UserAgent string Manipulation worth it?

On Firefox you can type about:config an then add general.useragent.override, switch to string and enter whatever user agent you want.

By default your user agent will look something like:

Mozilla/5.0 (Windows NT 10.0; Win64; x64; rv:134.0) Gecko/20100101 Firefox/134.

Which is okay, if you are on windows. But if your user agent looks like:

Mozilla/5.0 (X11; Ubuntu; Linux i686; rv:134.0) Gecko/20100101 Firefox/134.0

It in theory makes your browser look more unique among other browsers (fingerprinting).

So what do you think about setting up most popular UseAgent by hands?

For example:

Mozilla/5.0 (Windows NT 10.0; Win64; x64) AppleWebKit/537.36 (KHTML, like Gecko) Chrome/93.0.4577.82 Safari/537.36

Will it add any privacy?

Don’t do this.
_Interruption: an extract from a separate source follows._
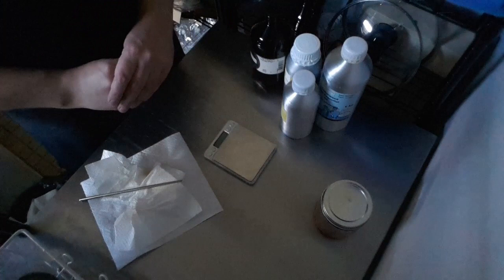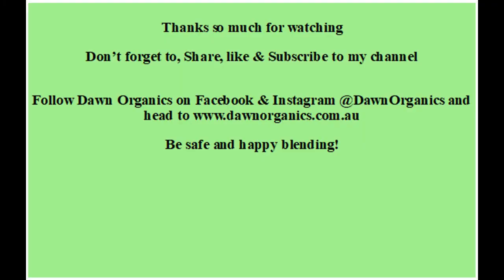Thank you very much for watching. We got through my first video of me talking and I've become a little more confident after this. In the next videos I'll probably use voiceovers or just talk during the demonstrations when I make certain recipes, depending on how noisy it is at my house. Thanks very much for watching, and hopefully you've learned a little bit about how to successfully incorporate an essential oil blend that will last in your cold process soap recipe. Until next time, be safe and happy blending.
It’s a terrible idea and has been mentioned several times on this forum. Pls use the search function for a more in-depth explanation.

2 Likes

You’ll stick out like a sore thumb, horrible for privacy. The only time I can see using a custom user agent is on a proxy front end service so all inbound requests get proxied to the same user agent, but this is not an end user problem as it’s configured on the server.

Changing user agents is great for testing what happens when you change user agents, but this is more of a developer problem, and not an end user problem.